A backup copy of the most recent version of the operating system and application software should be available in rebuild a crashed server. These copies are available from the software vendors or ITS (Information Technology and Services). If copies are not available from these sources, the people responsible for the servers should generate them. Some will provide backup copies of software in emergency situations. Sometimes the software is kept in escrow at a third party location. AMAS suggests that these details should be documented during the RFP process. In an emergency, needed backups can be retrieved quickly.
Backup copies of the data should also be available in case the current data on the servers are lost. The data should be backed up on a frequency that is determined by the users of the data. An application with low activity and paper source documents transactions may only need to be backed up occasionally, e.g. semi-monthly. An application with high transaction volume and little/no paper source documents may need to be backed up daily e.g. incremental backups of only data changed. The frequency of the backups should depend on how much effort the your would need to put in to manual recovery. There are different schemes used for rotating and replacing the oldest backup with the most current. Incremental backups may require many copies of the data (up to a years worth). The simpler “grandfather, father, son” method requires three versions be kept, the oldest version is replaced by the newest. Whatever method is used, procedures for generating the backups should be written and logs kept of what dates the backups are made.

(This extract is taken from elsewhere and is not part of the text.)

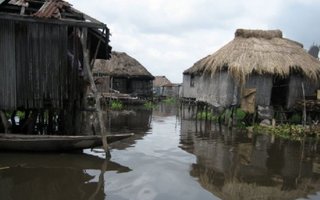 Ganvié - African Venice | These ore not pictures of a flood. This is Ganvié, in the Republic of Benin, the largest collection of lake dwellings in Africa. 20,000 people call Ganvié’s stilt supported dwellings home. ...
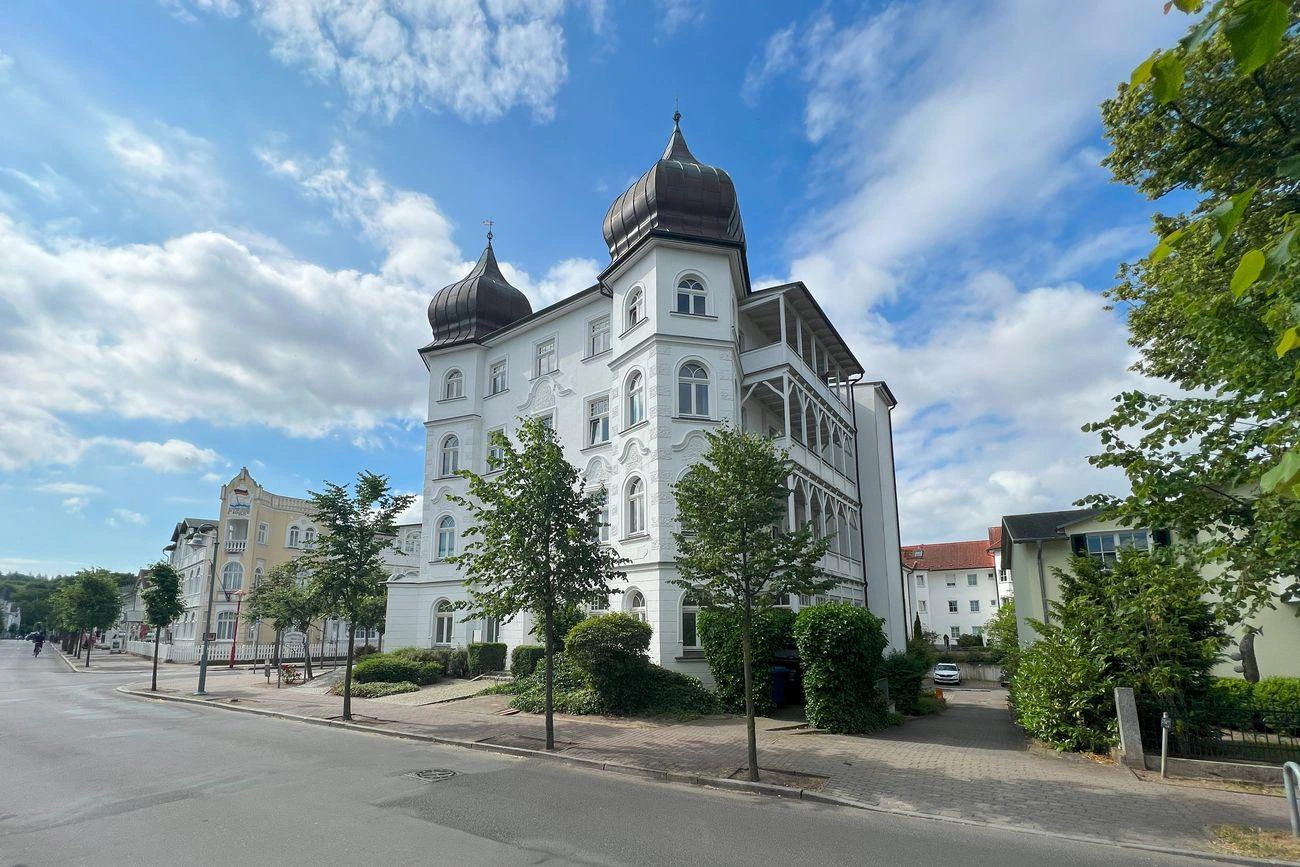Haus Metropol Binz Einfahrt zum Parkplatz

- Once the frequency of the backups is determined, consideration should be given to storing some of these backups at an offsite location and not in the server room location along with the servers. However unpleasant and far-fetched it may seem, there is a possibility that after a disaster, the location of your servers, or possibly even the building the servers are located in, may not be accessible. For this reason, it is a common business practice to have a copy of the software and data kept at an offsite location.
Assuming that the operating system and application software are already kept at an offsite location such as ITS or with a vendor, lets concentrate on the data. There are different schemes used for rotating backup data offsite. It is best is to have, at a minimum, the most current copy of the data stored offsite. Where this is impracticable, consideration should be given to have the most current copy sent offsite at least weekly or monthly. The criticality of the data and the amount of effort the users are willing to expend on recovery should be part of the decision. If data were backed up daily and a copy sent offsite weekly, the worst-case scenario would be the loss of one weeks worth of data.

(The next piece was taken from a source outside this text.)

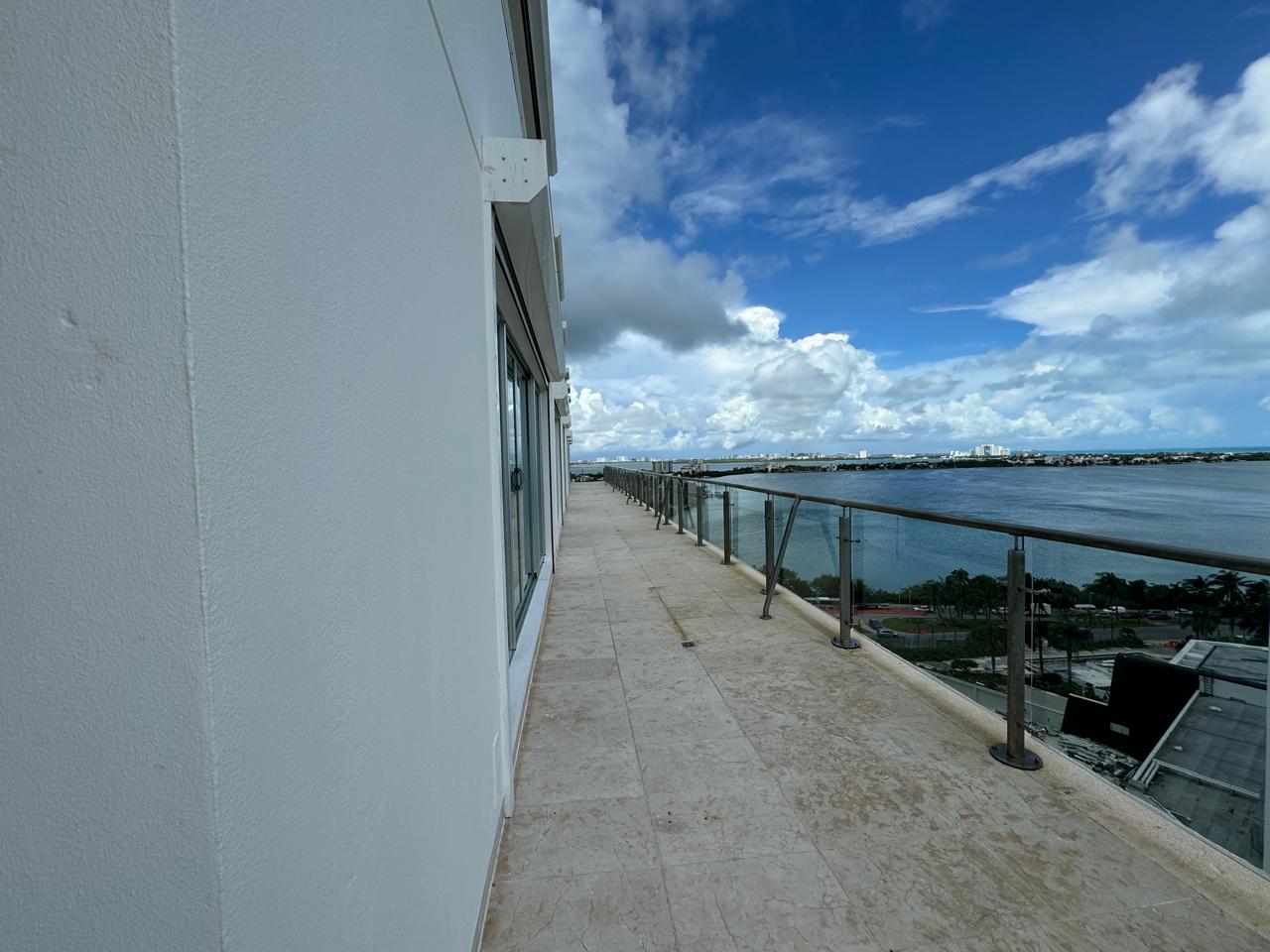 Live the Coastal Dream: Luxurious Oceanview Apartment in Cancun's Premier Hotel Zone!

Another issue to consider is the development and documentation of a disaster recovery/business continuation plan. The exercise of developing a plan affords you the time to clearly think out the steps required to restore the systems in a “non-emergency” mode. Plans are usually somewhat dynamic and should be reviewed and updated periodically. Some things to consider putting in a plan are:
Hardware requirements and vendor contacts. - Software products used with version numbers and vendor contracts. - Backup procedures The location of the backups. - A list of employees that are critical to the recovery process and how to contact them. - A list of users to contact. - Step-by-step procedures required to restore the systems and general operations.
The most important and most difficult step is testing all the plans and procedures in place to recover from a disaster. It can be time consuming, requires detailed planning. It should be done once a year at a minumum. As processes and business operations change, the backup plan may also have to be changed and the best way to determine this is through testing.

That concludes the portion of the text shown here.